Thom Yorke and Nigel Godrich’s group Atoms For Peace has pulled its record from Spotify, with Godrich claiming the site is “bad for new music.” Yorke tweeted that the decision was “simples [sic],” saying that “new artists you discover on Spotify will no [sic] get paid” and that “meanwhile shareholders will shortly be rolling in it.” Godrich—who also yanked music from his other band, Ultraista—was chattier on his Twitter account, noting that:

“It’s an equation that just doesn’t work. The music industry is being taken over by the back door, and if we don’t try and make it fair for new music producers and artists then the art will suffer…These are all the same old industry bods trying to get a stranglehold on the delivery system. The numbers don’t even add up for Spotify yet. But it’s not about that…It’s about establishing the model which will be extremely valuable. People are scared to speak up or not take part as they are told they will lose invaluable exposure if they don’t play ball. Millions of streams gets them a few thousand dollars. Not like radio at all. If you have a massive catalogue—a major label for example—then you’re quids in. But making new recorded music needs funding…Pink Floyd’s catalogue has already generated billions of dollars for someone (not necessarily the band) so now putting it on a streaming site makes total sense. But if people had been listening to Spotify instead of buying records in 1973, I doubt very much [that] Dark Side would have been made.

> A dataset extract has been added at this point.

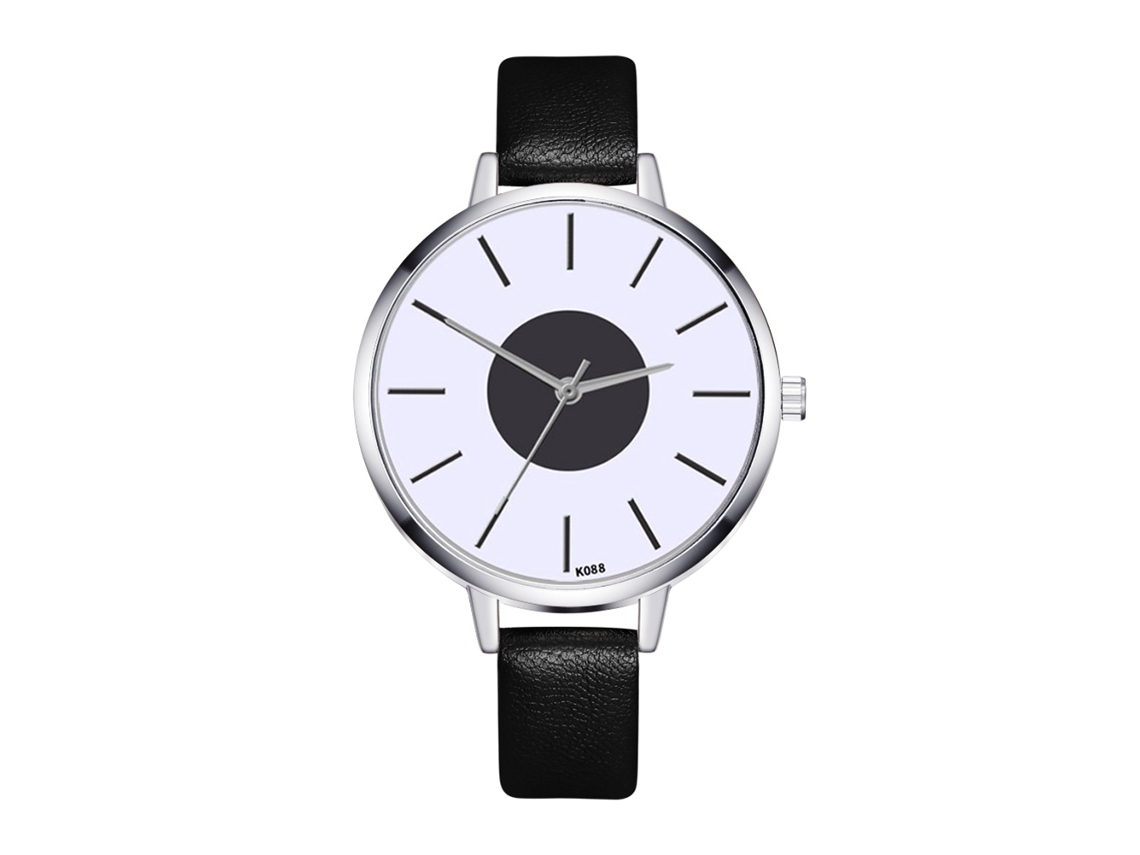Relógio de Pulso Feminino de Quartzo com Pulseira de Couro Pu Estilo Simples Luxuoso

It would just be too expensive.”


Unsurprisingly, Spotify isn’t exactly stoked on the public criticism of its model and told MusicWeek that its “goal is to grow a service that people love, ultimately want to pay for, and which will provide the financial support to the music industry necessary to invest in new talent and music.” While the company seems to know that it’s not really there yet, payment-wise, it notes that it has “paid US$500M to rightsholders so far and by the end of 2013 this number will reach US$1bn.” Currently, Spotify is valued at about $3 billion.